Escribo a mano en un cuaderno vacío. Tan solo una frase y se enciende la pantalla del celu. Capta mi atención y abro para ver la notificación. No es nada importante, así que retomo la escritura. Sumo un conector y un circunstancial de tiempo. Porque todo el tiempo es una circunstancia, me digo. Se vuelve a prender la pantalla del celu, entonces lo abro y a los pocos segundos estoy viendo videos de gatos trepando estanterías en un almacén de Nueva York. No recuerdo bien cómo llegué a ver esto. Caídas, chistes, noticias, mensajes, se roban mi tiempo. Hago un esfuerzo sobrehumano para soltar el aparato y retomar la escritura, que, dicho sea de paso, viene bastante lenta. Conecto la frase en la que vengo trabajando hace media hora con una segunda y una tercera. No dice mucho pero tampoco me angustia. La dejo ahí, quieta sobre el renglón. Me dispongo a aburrirme un poco. Eso es lo que recomiendan en TikTok cuando las ráfagas de inspiración son intermitentes como las del viento. Miro por la ventana. Vivo en un edificio de departamentos, un gallinero ruidoso desde la A hasta la Z. Es chiquito pero la vista es vistosa. Me acomodo contra el marco y enciendo un cigarro. El humo sale denso y escueto, no soy de dar buenas caladas. Le tengo miedo al cáncer.
Un par de minutos en silencio y ya nadie mensajea, tampoco nada llama la atención ahora en el celu. Sigo escribiendo. Cuando pienso en épocas pasadas y escribo que la sociedad era otra y mejor y más amorosa me pongo anticuado y molesto, irritable, sobre todo. La vista es lo mejor de este departamento de mierda, me pierdo entre las antenas y las nubes y voy calculando cuánto tardaría aquella nube en pasar de largo de esa otra antena y así.

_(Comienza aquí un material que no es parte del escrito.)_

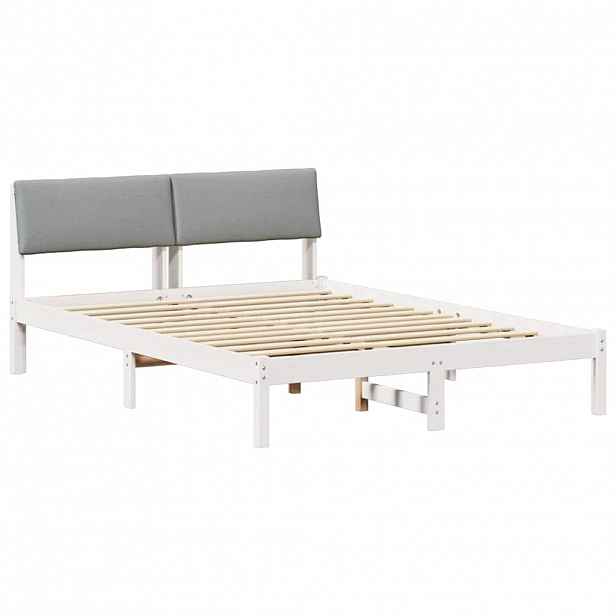 vidaXL Rám postele s čelo Bílá a světle šedá 150 x 200 cm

Salto de una construcción a la otra y, a decir verdad, me divierto. Me olvido de aquello de aburrirse y me divierto mucho. Retomo la escritura ahora, un poco más liviano de pensamiento. Esta vez escribo un poco más y me quedo conforme con el boceto. No tengo grandes expectativas con este texto. No siempre escribe uno su Mona Lisa.
Mandale este texto a la persona que te gusta. Me estoy quedando sin batería, sin energía, atrás.

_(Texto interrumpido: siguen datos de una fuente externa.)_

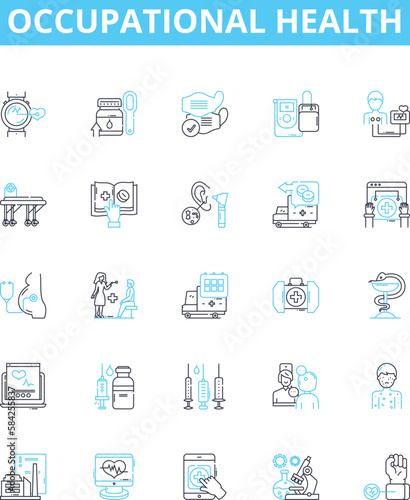 Occupational health vector line icons set. Occupational, Health, Safety, Risk, Hazards, Injury, Illness illustration outline concept symbols and signs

Me estoy quedando. Atrás, de todo. Del modernismo, de las ideas, del viaje a la playa, de una buena selfi. ¿Mandale este texto a la persona que te gusta? ¿Pero quién soy? ¿El Rey del amor? ¿El Gurú Cibernético de las Relaciones Interpersonales?
Te va a llegar igual el texto, te lo van a mandar, estoy seguro. Pero vos ni bola. Estás ahí, toda atravesada, por las películas, por las canciones, por los libros, por esos anteojos que usás de vez en cuando los fines de semana. Por todo eso que te causa, que es especial, que es indistinto, a lo que pinte, a lo que otorguen.

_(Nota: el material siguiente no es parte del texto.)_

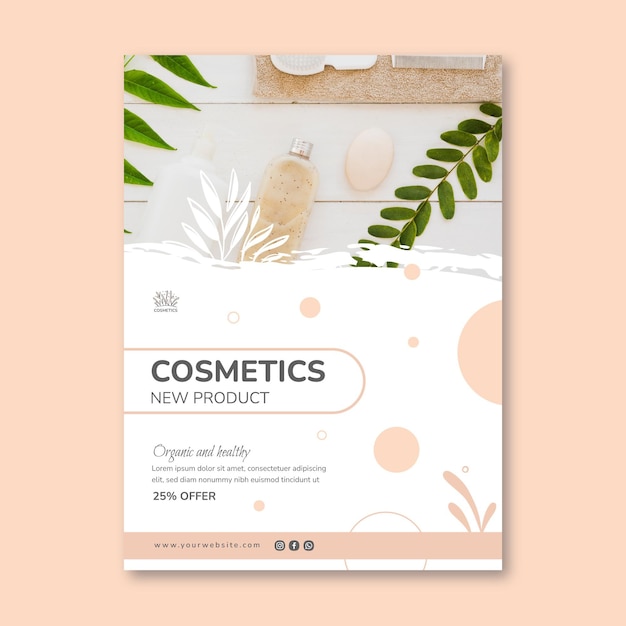 Modèle de flyer vertical cosmétique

El mundo duele, es así, vamos a decirlo. Los árboles se queman, los límites se doblan, las sábanas se enredan, las ganas se amontonan. Y las novelas que leímos se ríen de nosotros. Se matan de risa. Es que es muy raro lo que hacemos. Te mandan un texto de un flaco que no conocés, ¿para qué? ¿Para declararte algo? ¿Qué es eso? Es raro. Es complejo. Y es así. El mundo sigue, y nadie parece detenerse.
Ahora hay como una neblina que viste a Buenos Aires y la cubre de todo de un manto nublado y nubloso, si se me permite la expresión. Será que todo este tiempo fuiste la idea más linda.
Y ahora que estás lejos, ya no te puedo ni pensar.